Looking back, it’s pretty incredible how fertile punk’s creative soil was in the Nineties. Sure – everyone knows the mid-Nineties as being the period which broke punk into the mainstream pop punk and made bands like Lagwagon, Propagandhi, Green Day, NOFX, Offspring (I’ve written this list out several times before) and innumerable others household names and/or institutions who would help shape how punk would define itself in the twenty-first century, but those names are just the tip of the iceberg and, as in nature, the size of the mass below what’s clearly visible in rock is several times larger than the mass that everyone knows. One of the bands who remained beneath the surface (or, in the underground – don’t those references work together well?) for the duration of their career was Reducers SF – a “sorta” punk band who didn’t exactly fit the mould, but didn’t completely shatter it either.
Founded in 1995, Reducers SF took a slightly different angle at the punk rock which was doing so well at the time in that their inspiration was localized more to British punk values than North American ones. They weren’t lads, of course, but they definitely sought to Americanize the “aesthetics go piss” attitude that the Sex Pistols, The Clash and Stiff Little Fingers brought to the music, and did so in a relentlessly individual manner. Simply said, there was no punk band who ever sounded exactly like Reducers SF before they came along and there hasn’t been a band like them since they packed it in in 2007 either.

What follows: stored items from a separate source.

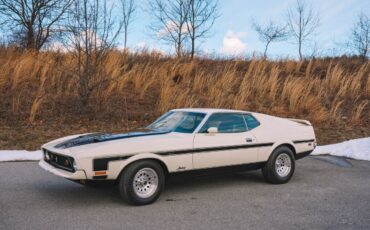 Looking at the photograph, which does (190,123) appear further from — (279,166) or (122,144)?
(279,166)

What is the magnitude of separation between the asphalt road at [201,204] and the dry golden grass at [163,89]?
603 cm

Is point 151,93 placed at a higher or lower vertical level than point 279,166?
higher

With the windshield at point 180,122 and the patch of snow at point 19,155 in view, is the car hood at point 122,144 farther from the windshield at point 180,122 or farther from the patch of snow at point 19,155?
the patch of snow at point 19,155

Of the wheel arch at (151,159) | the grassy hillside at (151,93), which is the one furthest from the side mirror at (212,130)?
the grassy hillside at (151,93)

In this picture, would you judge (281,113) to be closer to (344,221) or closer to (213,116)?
(213,116)

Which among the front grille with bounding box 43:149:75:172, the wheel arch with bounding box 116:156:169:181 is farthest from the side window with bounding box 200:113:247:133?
the front grille with bounding box 43:149:75:172

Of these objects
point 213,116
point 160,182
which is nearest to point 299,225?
point 160,182

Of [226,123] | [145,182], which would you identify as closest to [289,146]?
[226,123]

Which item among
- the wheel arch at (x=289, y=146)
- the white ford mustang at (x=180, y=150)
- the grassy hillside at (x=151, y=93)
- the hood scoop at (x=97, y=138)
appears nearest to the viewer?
the white ford mustang at (x=180, y=150)

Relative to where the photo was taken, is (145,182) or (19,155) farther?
(19,155)

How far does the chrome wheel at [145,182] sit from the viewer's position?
5.83 meters

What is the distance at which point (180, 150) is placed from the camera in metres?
6.20

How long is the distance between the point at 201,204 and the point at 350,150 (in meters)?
6.24

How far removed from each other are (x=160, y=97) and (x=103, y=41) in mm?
3187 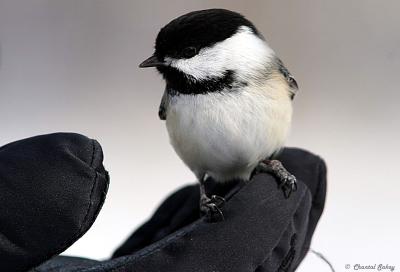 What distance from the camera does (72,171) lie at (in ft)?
1.63

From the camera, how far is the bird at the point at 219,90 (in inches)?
28.2

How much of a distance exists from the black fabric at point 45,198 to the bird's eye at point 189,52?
272mm

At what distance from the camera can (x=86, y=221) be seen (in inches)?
19.7

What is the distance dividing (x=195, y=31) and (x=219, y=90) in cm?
9

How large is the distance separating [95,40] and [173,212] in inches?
21.9

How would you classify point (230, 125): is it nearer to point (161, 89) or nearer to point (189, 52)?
point (189, 52)

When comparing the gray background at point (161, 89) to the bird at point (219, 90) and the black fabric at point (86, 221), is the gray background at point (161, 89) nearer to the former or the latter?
the bird at point (219, 90)

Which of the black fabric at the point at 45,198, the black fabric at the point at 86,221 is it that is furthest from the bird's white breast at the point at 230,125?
the black fabric at the point at 45,198

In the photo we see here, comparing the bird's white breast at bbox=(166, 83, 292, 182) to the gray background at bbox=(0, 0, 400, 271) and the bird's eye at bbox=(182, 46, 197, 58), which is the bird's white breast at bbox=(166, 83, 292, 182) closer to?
the bird's eye at bbox=(182, 46, 197, 58)

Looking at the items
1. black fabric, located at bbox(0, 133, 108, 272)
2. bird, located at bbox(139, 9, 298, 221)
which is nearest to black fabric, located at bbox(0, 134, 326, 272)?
black fabric, located at bbox(0, 133, 108, 272)

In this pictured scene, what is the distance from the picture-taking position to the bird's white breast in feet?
2.35

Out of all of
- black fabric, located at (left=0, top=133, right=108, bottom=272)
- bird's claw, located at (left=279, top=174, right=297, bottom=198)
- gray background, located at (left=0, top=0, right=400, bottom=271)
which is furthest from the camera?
gray background, located at (left=0, top=0, right=400, bottom=271)

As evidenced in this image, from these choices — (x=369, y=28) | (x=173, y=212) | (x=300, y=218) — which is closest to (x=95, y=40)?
(x=173, y=212)

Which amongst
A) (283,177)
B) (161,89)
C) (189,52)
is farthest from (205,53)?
(161,89) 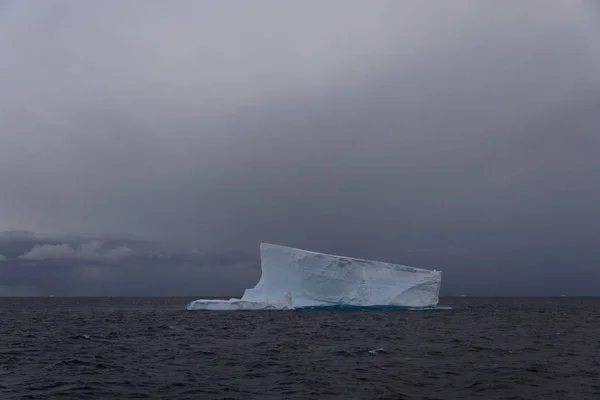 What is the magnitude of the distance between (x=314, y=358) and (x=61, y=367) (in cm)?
661

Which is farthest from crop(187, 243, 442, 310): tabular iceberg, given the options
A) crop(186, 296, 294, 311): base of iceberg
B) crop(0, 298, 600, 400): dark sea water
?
crop(0, 298, 600, 400): dark sea water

This Essentials set collects all three of Reducers SF’s LPs and includes a bonus 12” LP packed with demos, live cuts and B-sides to give a complete portrait of the band and, to be honest, it is pretty cool to see the band develop on a truncated timeline. This way, for example, it’s really easy and exciting to hear Reducers’ rough and raw beginnings (on Backing The Long Shot) develop and mutate into the far more polished presentation which appears on Raise Your Hackles. Here, listeners will get a kick out of the band starting as a vaguely punky bar band (complete with re-imagined covers of Run DMC and Boz Scaggs songs) and building to a far more solid and confident entity with a more unique musical vision when they cashed in their chips.

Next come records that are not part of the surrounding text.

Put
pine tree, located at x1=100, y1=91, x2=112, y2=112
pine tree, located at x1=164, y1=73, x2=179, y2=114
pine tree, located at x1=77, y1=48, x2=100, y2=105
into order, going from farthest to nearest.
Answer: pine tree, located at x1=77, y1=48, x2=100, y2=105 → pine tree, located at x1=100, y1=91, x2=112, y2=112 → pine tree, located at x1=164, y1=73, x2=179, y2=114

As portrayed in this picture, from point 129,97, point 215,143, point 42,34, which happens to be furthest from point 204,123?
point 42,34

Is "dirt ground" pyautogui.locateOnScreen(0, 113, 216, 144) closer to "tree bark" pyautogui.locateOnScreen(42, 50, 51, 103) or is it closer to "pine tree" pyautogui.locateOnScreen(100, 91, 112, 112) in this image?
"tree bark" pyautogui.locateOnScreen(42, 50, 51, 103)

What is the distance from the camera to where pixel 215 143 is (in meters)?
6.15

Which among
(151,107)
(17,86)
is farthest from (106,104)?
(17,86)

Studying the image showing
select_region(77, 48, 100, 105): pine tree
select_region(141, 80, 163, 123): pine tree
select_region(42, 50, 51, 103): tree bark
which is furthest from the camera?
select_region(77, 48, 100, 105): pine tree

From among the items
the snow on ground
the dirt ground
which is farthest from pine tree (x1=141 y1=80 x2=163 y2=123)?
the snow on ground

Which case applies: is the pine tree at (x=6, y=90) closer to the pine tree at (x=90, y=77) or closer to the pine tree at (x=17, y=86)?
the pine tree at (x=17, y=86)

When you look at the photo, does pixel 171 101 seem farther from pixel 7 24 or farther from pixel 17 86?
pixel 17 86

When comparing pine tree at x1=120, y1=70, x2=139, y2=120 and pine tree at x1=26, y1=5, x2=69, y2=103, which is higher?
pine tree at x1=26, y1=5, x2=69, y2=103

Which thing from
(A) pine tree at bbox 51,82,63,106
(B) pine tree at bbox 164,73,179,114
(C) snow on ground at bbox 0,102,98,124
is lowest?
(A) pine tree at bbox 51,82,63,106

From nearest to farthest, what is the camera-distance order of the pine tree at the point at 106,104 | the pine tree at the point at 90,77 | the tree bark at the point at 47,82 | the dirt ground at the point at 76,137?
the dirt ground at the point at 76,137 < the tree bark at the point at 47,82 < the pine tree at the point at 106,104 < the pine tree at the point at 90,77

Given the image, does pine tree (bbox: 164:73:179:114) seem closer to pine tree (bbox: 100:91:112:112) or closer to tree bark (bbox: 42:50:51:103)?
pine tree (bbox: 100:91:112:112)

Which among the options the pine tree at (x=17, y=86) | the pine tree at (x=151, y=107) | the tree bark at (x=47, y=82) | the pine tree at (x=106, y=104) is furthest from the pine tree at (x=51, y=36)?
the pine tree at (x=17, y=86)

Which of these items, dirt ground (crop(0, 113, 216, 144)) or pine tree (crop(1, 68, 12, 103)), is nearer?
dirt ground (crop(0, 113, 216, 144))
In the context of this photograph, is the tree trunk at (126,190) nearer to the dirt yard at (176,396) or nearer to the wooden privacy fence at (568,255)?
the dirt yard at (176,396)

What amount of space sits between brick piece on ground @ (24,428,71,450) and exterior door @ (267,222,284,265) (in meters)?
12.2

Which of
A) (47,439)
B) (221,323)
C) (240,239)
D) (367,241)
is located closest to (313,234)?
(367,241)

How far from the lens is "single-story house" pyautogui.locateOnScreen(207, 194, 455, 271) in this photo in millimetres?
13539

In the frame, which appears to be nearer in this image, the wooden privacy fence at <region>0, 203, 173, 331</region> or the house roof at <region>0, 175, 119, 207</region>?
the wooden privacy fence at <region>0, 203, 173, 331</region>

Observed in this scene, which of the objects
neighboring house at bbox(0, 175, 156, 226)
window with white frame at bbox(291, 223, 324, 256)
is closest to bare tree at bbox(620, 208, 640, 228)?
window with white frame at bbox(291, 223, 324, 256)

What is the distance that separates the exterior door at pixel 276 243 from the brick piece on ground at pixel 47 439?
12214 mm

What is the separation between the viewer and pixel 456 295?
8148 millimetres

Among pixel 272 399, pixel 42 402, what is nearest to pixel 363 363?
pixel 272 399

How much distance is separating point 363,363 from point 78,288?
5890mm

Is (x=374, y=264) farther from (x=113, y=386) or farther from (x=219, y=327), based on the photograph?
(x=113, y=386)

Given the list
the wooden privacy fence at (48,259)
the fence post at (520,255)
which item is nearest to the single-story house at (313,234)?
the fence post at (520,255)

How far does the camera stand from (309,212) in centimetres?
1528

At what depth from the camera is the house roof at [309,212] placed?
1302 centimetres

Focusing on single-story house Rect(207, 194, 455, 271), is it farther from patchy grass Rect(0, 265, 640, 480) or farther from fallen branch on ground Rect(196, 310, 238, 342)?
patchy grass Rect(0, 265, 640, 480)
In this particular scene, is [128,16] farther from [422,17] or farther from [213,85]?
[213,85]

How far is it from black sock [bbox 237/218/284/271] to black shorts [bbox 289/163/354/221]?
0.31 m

Without trying to sound dismissive (though it likely will), Reducers’ debut album, Backing The Long Shot, sounds exactly like the kind of pop and skate punk which was popular around 1995 which would have been great – except that it was released in 1999. By then, pop was looking somewhere else and, while the band might have won some fans on the Warped Tour at the time, it didn’t even get that opportunity. Songs like “Let It Go,” “Looking For Glory,” “Die Like Me” and “Don’t Like You” all play very similarly to the classic sounds of Stiff Little Fingers but without the accent or the over-the-top production values, which actually proves to be a significant boon for the band; with no particular ambition other than to just get heard, each song stays light and fun and is only slightly misanthropic at just the right moments.

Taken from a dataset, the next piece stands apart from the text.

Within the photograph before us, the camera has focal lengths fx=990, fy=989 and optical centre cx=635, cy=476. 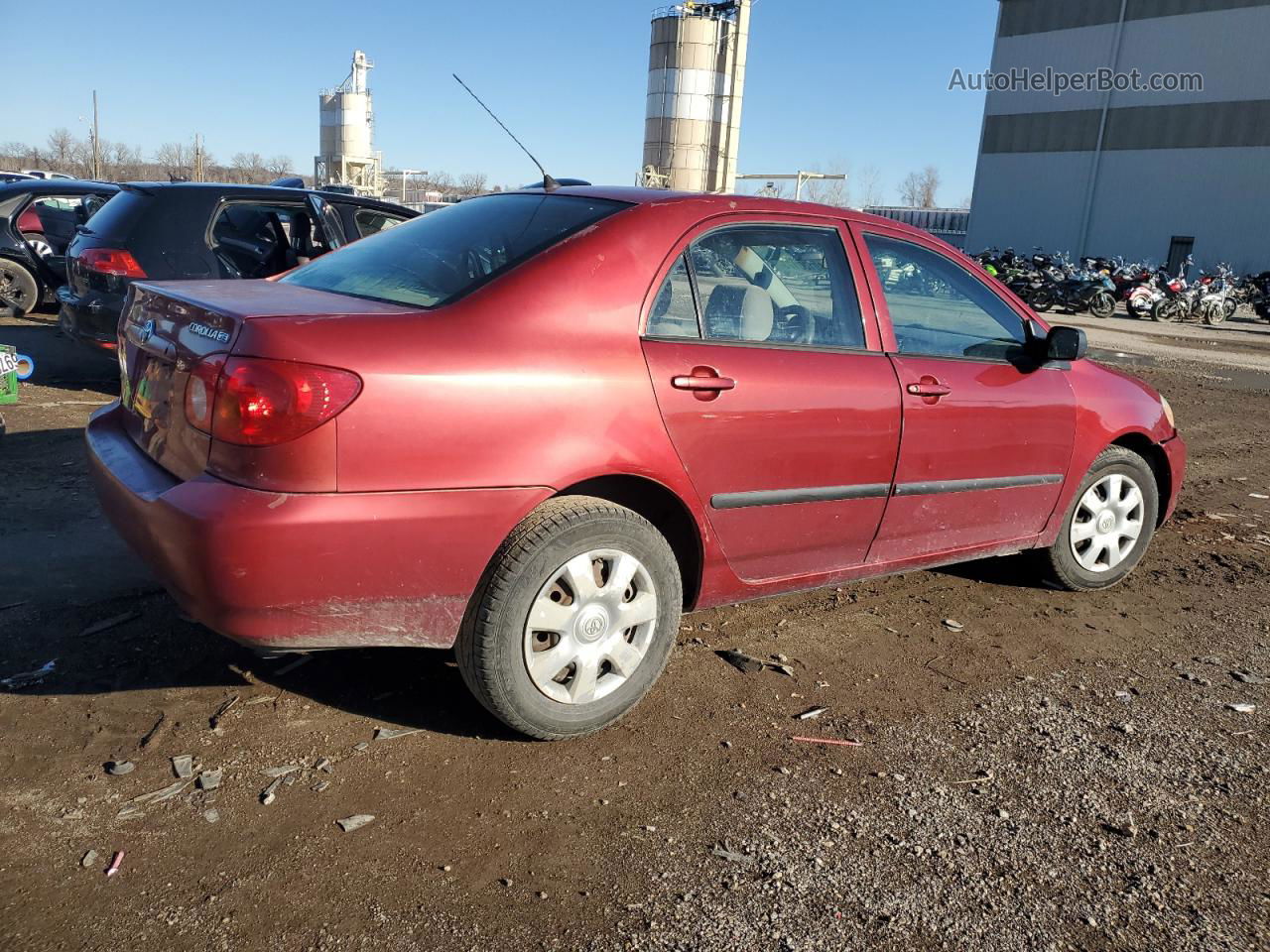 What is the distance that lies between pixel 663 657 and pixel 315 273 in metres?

Conversely, Crappy Clubs and Smelly Pubs – Reducers’ sophomore album – steps beyond Backing The Long Shot, ups the production value slightly and makes the band’s ambition to break through the glass ceiling into pop plain. Unfortunately though, the results brush closer to sounding like Boomtown Rats in all the wrong ways as chubby, greasy guitar tone, a great reliance on cymbals to fill in the mix and singer Glen McHenry’s campy desire to sound sleazy are big problems, to start. While not EVERY song’s a loser (“Not Fooled,” “Empty Bottles,” “Never Find Me” and “Screwed Again” almost make throwing the album on worthwhile), far too many are and that sinks the album, in the end.
By this point, Reducers SF had covered the music quality spectrum, so the band elected to hedge their bets for Raise Your Hackles. They needed another with desperately and, lo and behold, they did make all the ground they’d lost with their sophomore album back; McHenry was still trying to sound like punk’s answer to Gary Glitter, but even that didn’t stop songs like “You Got Nothin’,” “Over The Edge,” “Never Break Me” and “Hired Hand” from rocking the hell out of listeners and making everyone who heard the album believe that redemption was possible for Reducers SF – until the band gave up in 2007.
Running through all the albums again in this set really does offer a sweet, nostalgic sense – because Reducers really were a lot of fun in their heyday but, even better, the extra record of everything else Pirates Press could find to include has some pretty stellar moments as well. It is fun for those who remember the band to re-live, but it’s pretty unlikely that the band will spontaneously experience a grand rush of new interest based on the power of the collection. Why? Well, Reducers SF were very much a product of their time – the generated some excitement for a lot of people in a particular time and place – but that time has passed and the placed the music could once have gone are changed. It’s unfortunate that a lot of time and effort was put into this collection, because it’s hard to think of an occasion when this stuff could really need a tremendous amount of revisiting.
(TKO/Pirates Press)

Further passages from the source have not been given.